From all indications the election year of 2023 will likely be a humdinger. With President Buhari constitutionally out of reckoning for the presidential seat having served his mandatory two terms, it will be an all comers affair. All bets are off regarding the names being bandied about with expansive references to their suitability, political connections, resources, etc. None of them can be too sure at this point in time of clinching the ticket of a political party or even the presidency. It is certainly no slam dunk for any of them.
However that does not prevent us from examining the various claims and tendentious statements being made by personalities and groups as to how the succession to President Buhari should pan out. In this regard it will be pertinent to refer to the statement of claims being made by persons and groups which in many ways represent the perspective of the geopolitical areas of the country as to where the next president should come from.
The strident cry from the South-East that it is the turn of the area to produce the next president has gained such a strong traction that it cannot easily be dismissed with cavalier disdain. In the perspective of Robert Obioha political analyst and columnist – in 2023 the South-East deserves it more than any part of the country on the simple reason that nobody from that area has ever made the position. His analogy is drawn from three persons eating from the same plate. Whereas the other two had helped themselves each to the pieces of meat available, both of them still want to take the remaining piece of meat which should be left to the other guy. When I asked him how the South-East expects to clinch the presidency when the area is not known for voting in massive numbers, his answer was that the formula used in 1999 where the two main political parties were compelled to field two candidates from the South-West – Olusegun Obasanjo and Olu Falae – should be applied. In pursuance of this both the ruling All Progressives Congress Party (APC) and the opposition Peoples Democratic Party (PDP) should field their presidential candidates from the southeast in 2023.
“Look Iliya, the South-East despite its contribution to the economic well-being and our commitment to Nigeria, have been marginalised and alienated from the critical decision making positions. With only five states, the only way a president can emerge from this area is if the 1999 formula is used,’’ he added for emphasis.
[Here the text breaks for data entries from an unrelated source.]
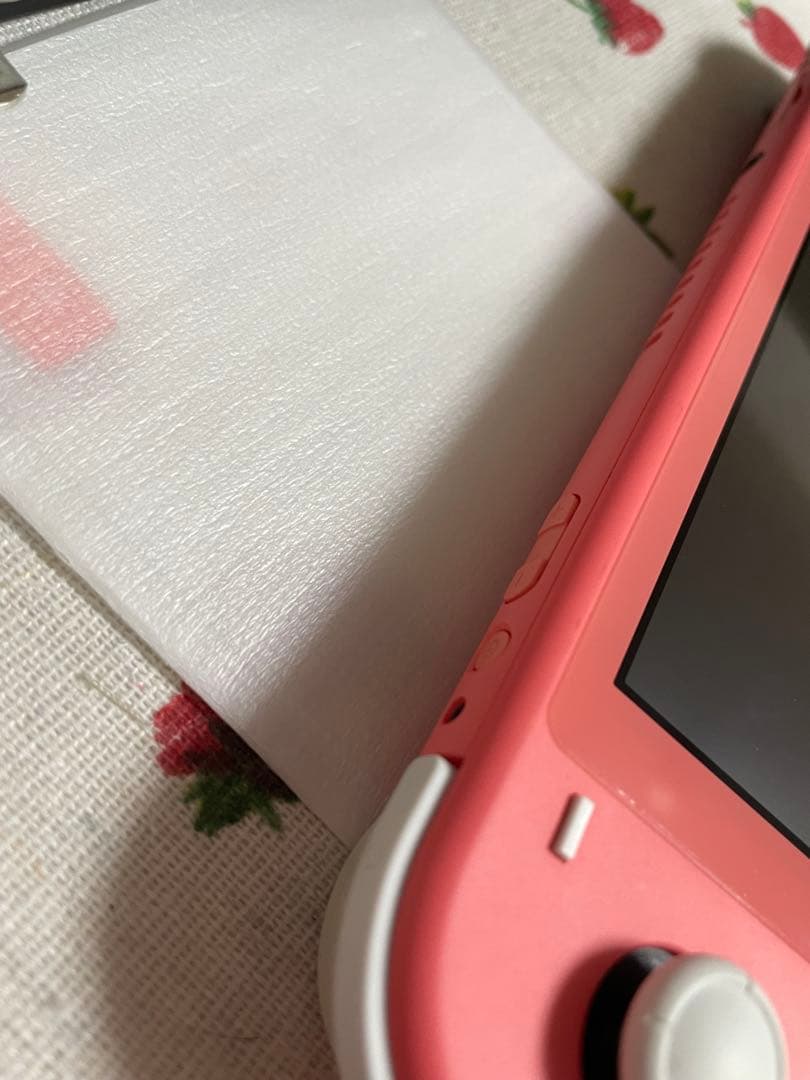 Nintendo Switch Lite Coral 本体　純正ケース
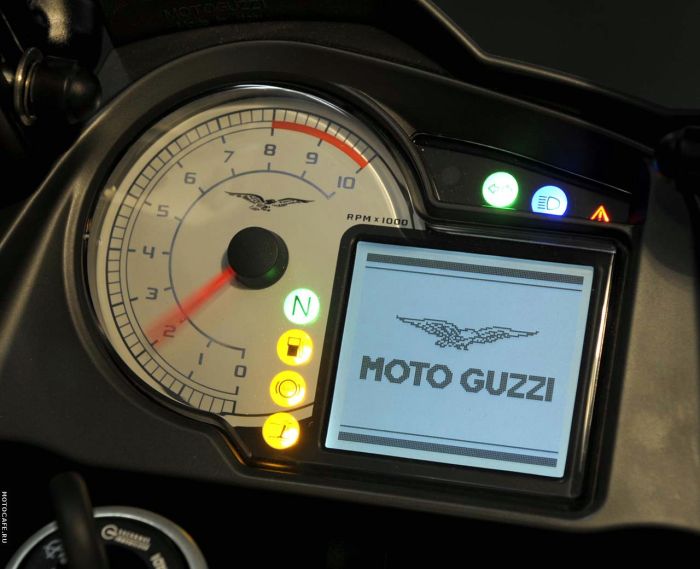 Moto Guzzi Stelvio 1200 4v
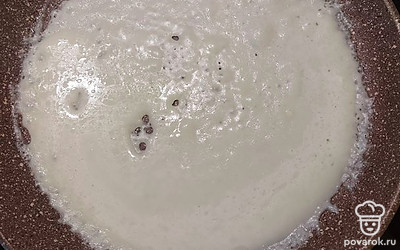 Наливаем тонким слоем на сковороду. Обжариваем. Я жарю только с одной стороны. Так блинчики получаются нежнее на вкус. 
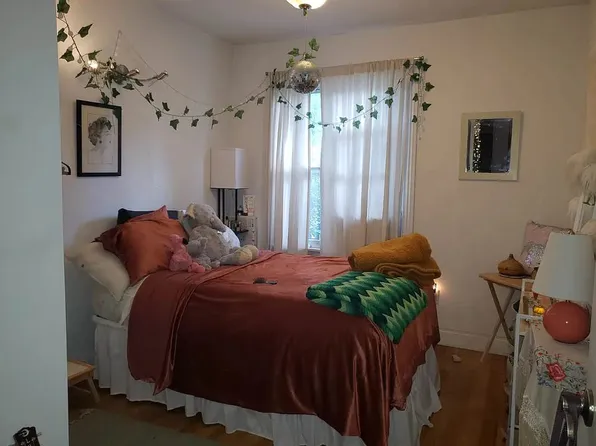 159 Berry Street image 1 of 13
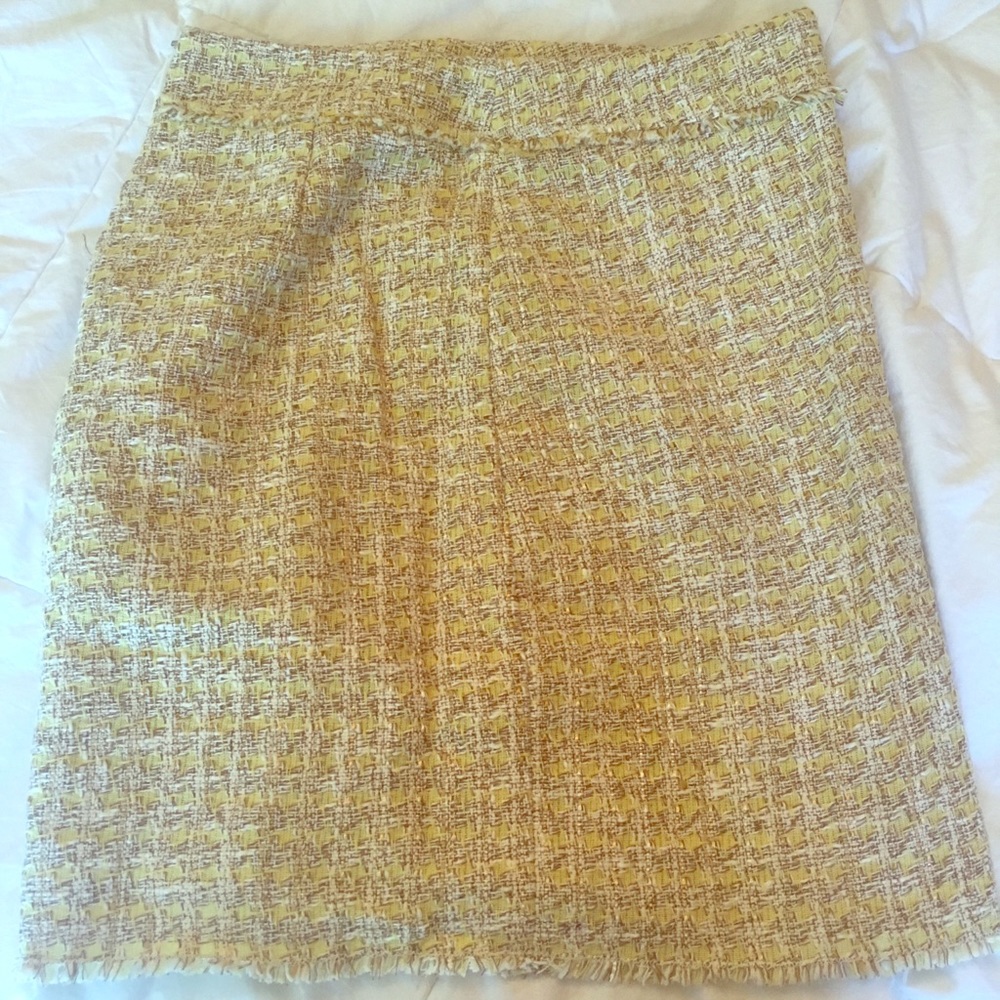 Timeless Ann Taylor Petite tweed pencil skirt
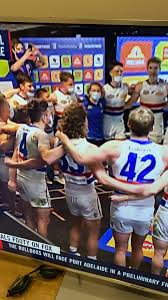 Xavier Ellis on X: 44 men dry hump each other for 2 hours but are  thankfully safe from covid for the song. Phew. Mask up boys. Still cant  explain it… t.coFelmoIYeSW 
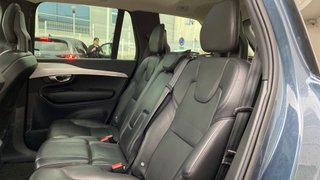VOLVO 692 D4 Momentum 7 asientos
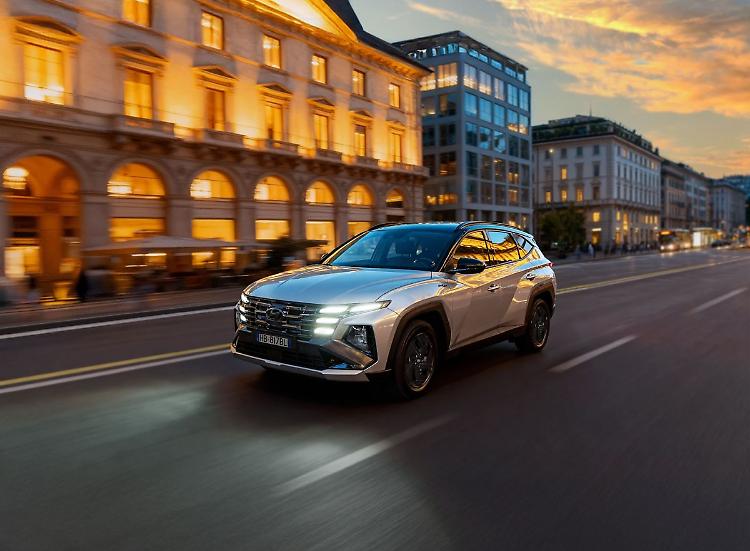 Nuova Tucson Dark Line, la campagna "Lascia il segno" realizzata con IA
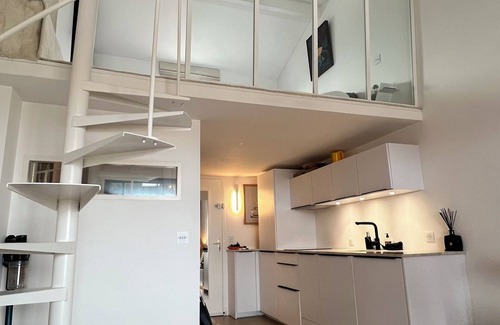 Port Grimaud Apartment | Appartement Avec Patio et vue Exceptionnelle sur les Canaux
For the South-West, it is matter of quid pro quo. The argument here is that were it not for the support of the South-West mobilized by Asiwaju Bola Tinubu, President Buhari would probably not have become president in 2015. This support was again repeated in the 2019 elections and the South-West believe, for this, they have an IOU to be considered not just for the ticket of the ruling APC but the presidency in 2023 as well. For the South-South which produced the penultimate president of Nigeria in Goodluck Jonathan, there has not been any noticeable demand that the next president should come from the area in 2023 for discernible reasons. Nonetheless the pervading expectation is that should there be a stalemate between the South-East and South-West on which of them should produce the president come 2023, the South-South would definitely present itself as a consensual option. And there are a number of personalities from the area secretly hoping and oiling their political machines to hit the ground running should this come up.
How does the north figure in all these and what are its permutations as regards 2023?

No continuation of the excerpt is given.